E isso é obtido pelo Estado, em primeiro lugar, e de forma absolutamente geral, pela característica previdenciária das normas estruturantes da Previdência Complementar. As normas do Regime da Previdência Complementar contribuem para o bem estar comum, para o bem estar da Sociedade, na medida em que se fizer realizar em sua plenitude a PREVIDÊNCIA COMPLEMENTAR! Elas não podem despir-se de sua característica previdenciária para contribuir para o bem estar da Sociedade. Nem isso tem sentido, haja vista o artigo 193 da Constituição Federal: “A ordem social tem como base o primado do trabalho, e como objetivo o bem estar e a justiça social. Isto é, sem JUSTIÇA SOCIAL, NÃO EXISTE BEM ESTAR SOCIAL!

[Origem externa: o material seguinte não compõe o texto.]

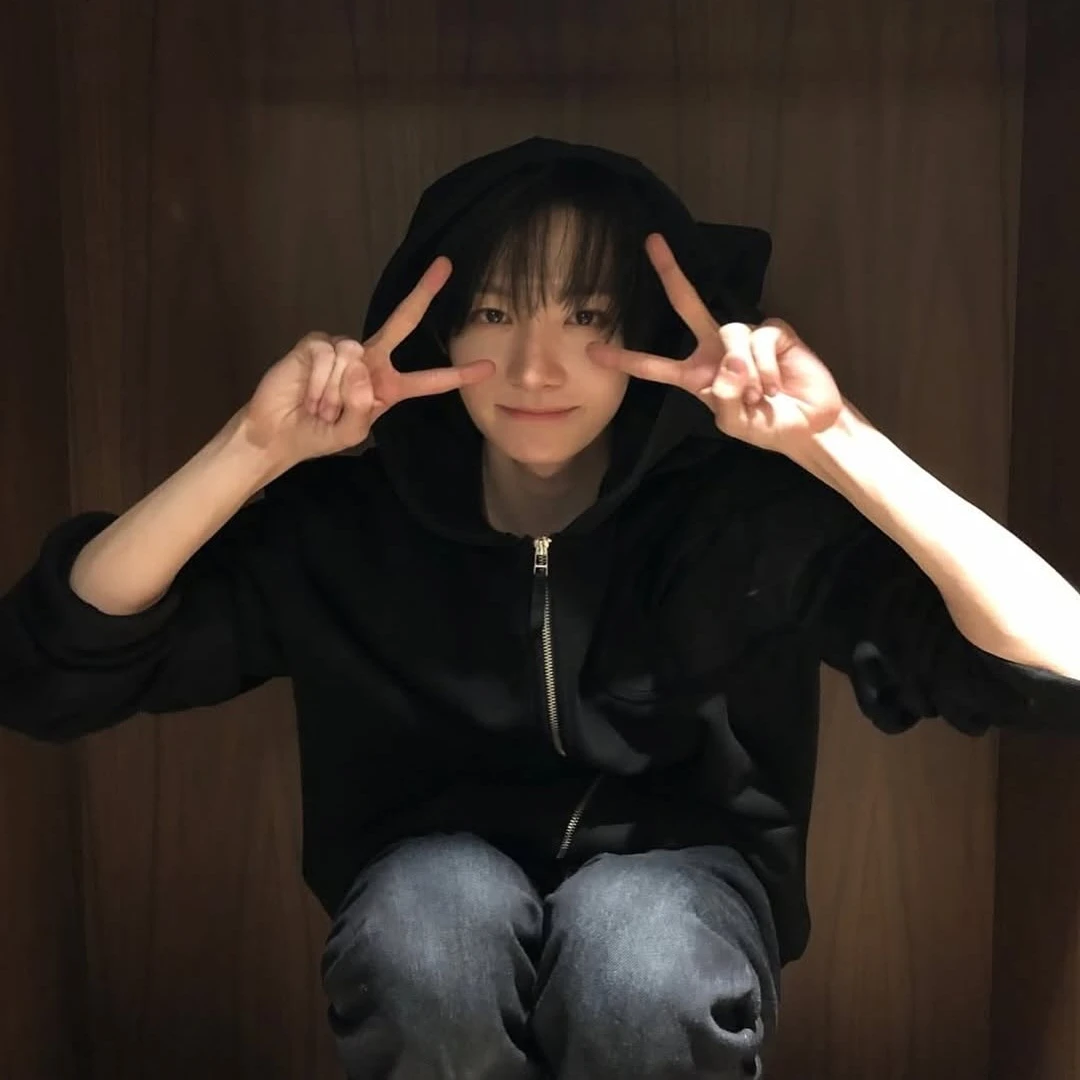 이동화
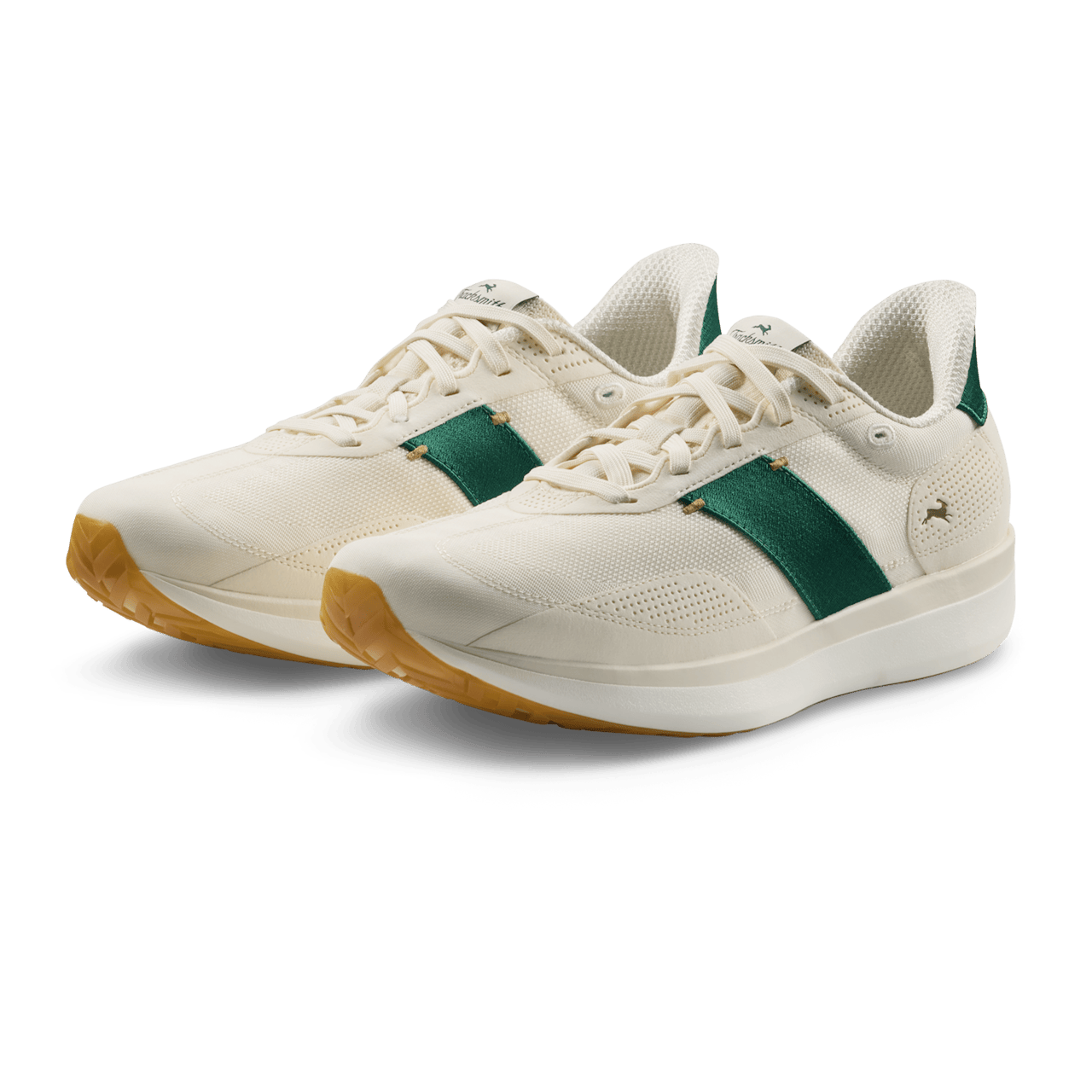 Tracksmith Eliot Ryder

- “DISCIPLINAR, COORDENAR E SUPERVISIONAR AS ATIVIDADES REGULADAS POR ESTA LEI COMPLEMENTAR, COMPATIBILIZANDO-AS COM AS POLÍTICAS PREVIDENCIÁRIA E DE DESENVOLVIMENTO SOCIAL E ECONÔMICO-FINANCEIRO.”

Isto é, cabe ao Estado disciplinar de tal forma as atividades da Previdência Complementar que elas se enquadrem naquelas políticas que conduzem à realização dos objetivos tanto da Previdência Social quanto do desenvolvimento social e econômico-financeiro do País, isto é, do bem estar material da Sociedade, assim como do bem estar inerente ao convívio social na plenitude da vida humana. A atuação do Estado deve ser tal que se realizem concomitantemente o BEM ESTAR PREVIDENCIÁRIO E O BEM ESTAR DA SOCIEDADE. Não pode existir um bem estar sem o outro.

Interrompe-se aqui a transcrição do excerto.